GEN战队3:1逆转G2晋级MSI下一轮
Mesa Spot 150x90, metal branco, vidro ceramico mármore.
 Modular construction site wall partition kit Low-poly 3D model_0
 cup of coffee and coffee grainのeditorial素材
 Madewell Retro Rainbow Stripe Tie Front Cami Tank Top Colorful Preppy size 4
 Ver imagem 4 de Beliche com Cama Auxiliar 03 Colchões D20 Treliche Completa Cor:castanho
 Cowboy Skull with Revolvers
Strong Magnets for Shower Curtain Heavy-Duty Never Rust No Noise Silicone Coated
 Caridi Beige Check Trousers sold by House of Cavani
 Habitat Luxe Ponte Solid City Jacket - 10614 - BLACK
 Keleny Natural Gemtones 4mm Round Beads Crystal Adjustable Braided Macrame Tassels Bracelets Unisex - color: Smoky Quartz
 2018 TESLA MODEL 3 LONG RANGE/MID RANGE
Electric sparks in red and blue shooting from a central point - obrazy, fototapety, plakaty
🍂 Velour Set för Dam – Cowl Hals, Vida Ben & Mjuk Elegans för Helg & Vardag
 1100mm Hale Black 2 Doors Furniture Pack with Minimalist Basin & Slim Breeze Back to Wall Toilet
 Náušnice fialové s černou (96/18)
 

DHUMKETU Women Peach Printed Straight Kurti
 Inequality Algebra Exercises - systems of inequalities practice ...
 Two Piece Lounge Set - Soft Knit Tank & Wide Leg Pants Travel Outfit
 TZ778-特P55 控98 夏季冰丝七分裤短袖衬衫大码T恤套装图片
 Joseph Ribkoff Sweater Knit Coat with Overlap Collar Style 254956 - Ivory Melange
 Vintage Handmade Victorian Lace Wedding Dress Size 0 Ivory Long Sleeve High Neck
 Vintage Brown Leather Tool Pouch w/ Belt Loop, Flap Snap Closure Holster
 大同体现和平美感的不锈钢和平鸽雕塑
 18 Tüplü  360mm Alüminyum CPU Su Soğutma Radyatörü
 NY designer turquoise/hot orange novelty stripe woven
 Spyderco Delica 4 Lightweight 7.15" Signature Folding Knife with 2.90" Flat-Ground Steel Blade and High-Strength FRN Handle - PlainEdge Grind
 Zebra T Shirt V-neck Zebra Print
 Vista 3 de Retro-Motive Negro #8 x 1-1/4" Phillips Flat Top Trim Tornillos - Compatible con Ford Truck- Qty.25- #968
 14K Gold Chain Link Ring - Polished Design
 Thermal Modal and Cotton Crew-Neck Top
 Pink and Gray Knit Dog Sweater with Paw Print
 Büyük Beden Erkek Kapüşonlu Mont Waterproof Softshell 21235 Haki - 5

------------------------------

### What to work on
On how many lines of the listing does the string "High" occur? Give the number by itself.

### Answer section
2